[792] [So called] "Coventry Mysteries," Trial of Christ.

[793] The French drama written on this subject is lost (it is, however, mentioned in the catalogue of a bookseller of the fifteenth century; see "Les Mystères," by Petit de Julleville, vol. ii. chap, xxiii., "Mystères perdus"); but the precision of details in the miniature is such that I had no difficulty in identifying the particular version of the story followed by the dramatist. It is an apocryphal life of Apollinia, in which is explained how she is the saint to be applied to when suffering toothache. This episode is the one Fouquet has represented. Asked to renounce Christ, she answers: "'Quamdiu vivero in hac fragili vita, lingua mea et os meum non cessabunt pronuntiare laudem et honorem omnipotentis Dei.' Quo audito jussit [imperator] durissimos stipites parari et in igne duros fieri et præacutos ut sic dentes ejus et per tales stipites læderent, radices dentium cum forcipe everentur radicitus. In illa hora oravit S. Apollinia dicens: 'Domine Jesu Christe, precor te ut quicumque diem passionis meæ devote peregerint ... dolorem dentium aut capitis nunquam sentiant passiones.'" The angels thereupon (seated on wooden stairs, in Fouquet's miniature) come down and tell her that her prayer has been granted. "Acta ut videntur apocrypha S. Apolloniæ," in Bollandus, "Acta Sanctorum," Antwerp, vol. ii. p. 280, under the 9th February.

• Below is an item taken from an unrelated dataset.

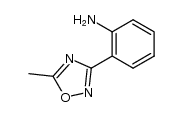 3-(2-aminophenyl)-5-methyl-1,2,4-oxadiazole结构式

See also the miniatures of a later date (sixteenth century) in the MS. of the Valenciennes Passion, MS. fi. 15,236 in the National Library, and the model made after one of them, exhibited in the Opéra Museum, Paris.

[794] What the place is—

... Vous le povez congnoistre
Par l'escritel que dessus voyez estre.

Prologue of a play of the Nativity, performed at Rouen, 1474; Petit de Julleville, "Les Mystères," vol. i. p. 397.

[795] "Digby Mysteries," ed. Furnivall, p. 127.

[796] "Mystère du vieil Testament," Paris, 1542, with curious cuts, "pour plus facile intelligence." Many other editions; one modern one by Baron J. de Rothschild, Société des Anciens Textes Français, 1878 ff.

[797] "Chester Plays," ii.

[798] "Adoncques doit Adam couvrir son humanité, faignant avoir honte. Icy se doit semblablement vergongner la femme et se musser de sa main." "Mystère du vieil Testament."